ネガティブ思考の重要性

人文科学

自己啓発や成功哲学の業界に限らず、一般社会生活においてもポジティブ思考は良いことで、ネガティブ思考は悪いことという価値観が定着しています。

でも、それは本当なのでしょうか?

このことを理解できてるかどうかが、目標達成に大きく影響してきます。

実はポジティブ思考は万能ではなく、使い方によっては目標達成の弊害になることがあるのです。

逆に、ネガティブ思考を上手く使うことで目標達成の確率が高まります。

目標達成を分解すると、大きく分けて2つの別れます。

1つは「結果」、もう1つは「プロセス」。

ここで重要なのは、「結果」に対してはポジティブ思考であるべきなのですが、「プロセス」のおいてはネガティブ思考の方が遥かに目標達成しやすいのです。

ニューヨーク大学の心理学部教授ガブリエル・エッティンゲンが行った実験では、「達成できる」と信じることと、「容易に達成できる」と信じることの違いを明確に示しました。

痩せたいと願っている肥満の女性を対象にダイエットプログラムに取り組ませます。

その結果、「ダイエットに成功する」と信じていた女性は、「ダイエットに失敗するかもしれない」と考えていた女性より平均で12キロも多く減量できていました。

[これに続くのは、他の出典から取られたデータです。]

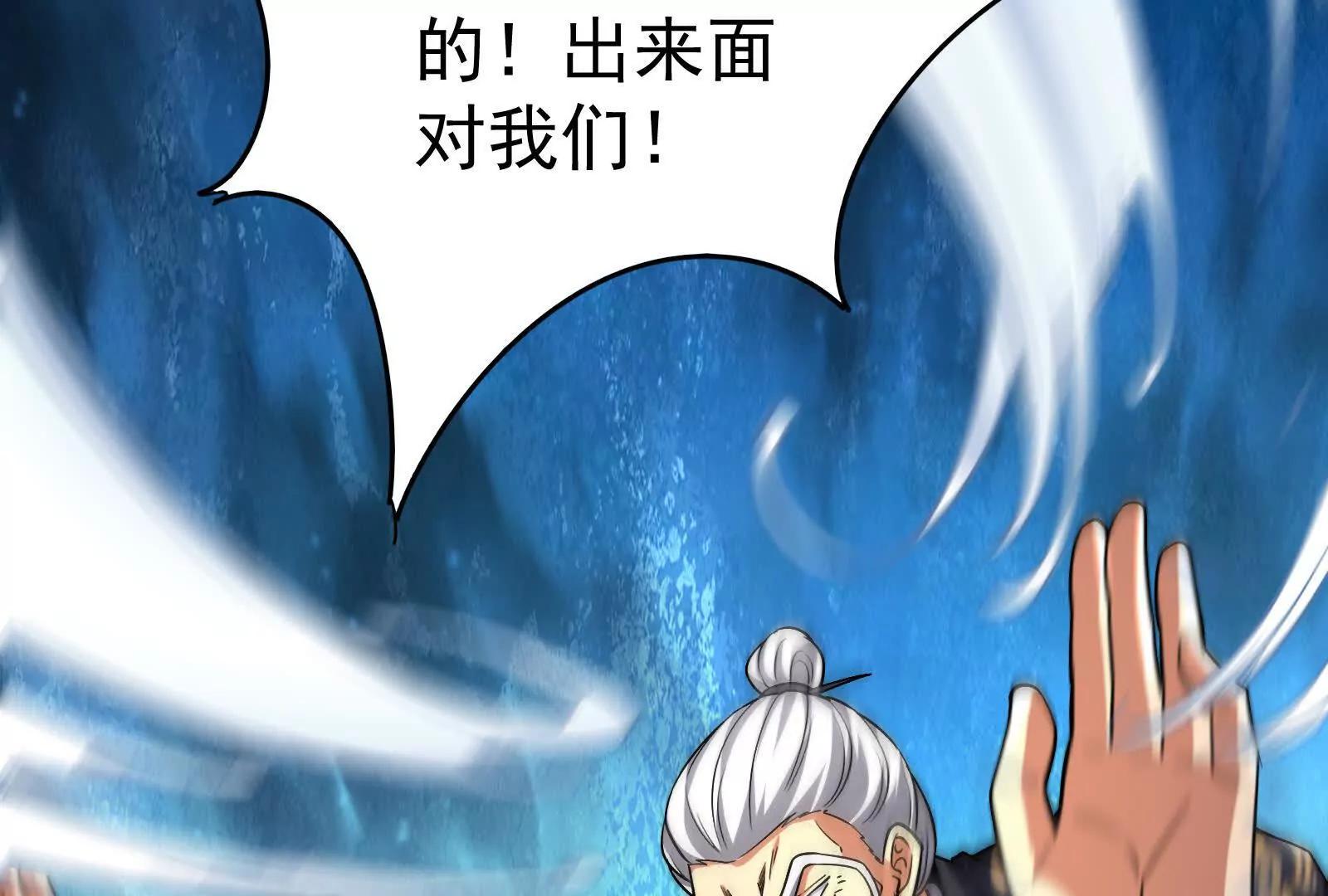 第77话 跨越星门149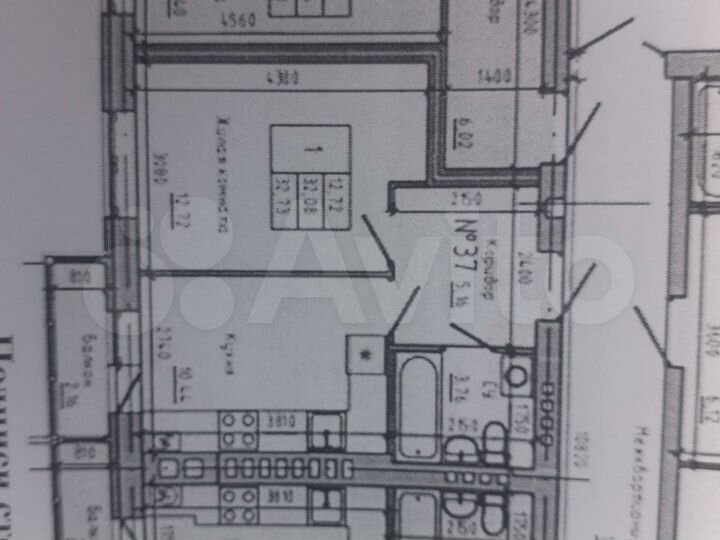 1-к. квартира, 32,7 м², 4/5 эт.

このことから、「成功する」と信じるポジティブ思考が効果的であることがわかります。

ただし、被験者の女性にもう1つの質問をすると、非常に興味深い結果が出たのです。

「ダイエットの大変さ」について「とてもきつい」と考えていた人は、「簡単だ」と考えていた人よりも平気で11キロも多く減量できていたのです。

つまり、「ダイエットが成功する」という「結果」については「成功する」とポジティブ思考をして、「ダイエットの大変さ」という「プロセス」例えば、甘いもの誘惑に打ち克つことや、運動を継続することなどについて「甘くはない」とネガティブに考えていた人の方が、遥かに高い成果を上げられたのです。

いわゆるネガティブシュミレーションができているか否かが、成果に大きく影響したわけです。

これは、ダイエットだけでなく、学生の就職活動においても、「自分はちゃんと望んだ会社に就職できる」と信じているポジティブ思考の方が成功率は高いのですが、プロセスにおいて「でもそんなに甘くないからちゃんと対策を取ろう」とネガティブ思考をした人と、「大丈夫!なんとかなるさ!」とポジティブ思考をした人では、成功率に大きな差が生まれました。

これは、ビジネスであれ、恋愛であれ、子育てであれ、結果については成功を信じ、そのプロセスにおいては様々な障害があることをネガティブに予測し対策を準備する人が得たい結果を得ているということです。

「結果にはポジティブ思考」「プロセスにはネガティブ思考」と適切に思考を切り替えて、あなたの目標を達成しましょう。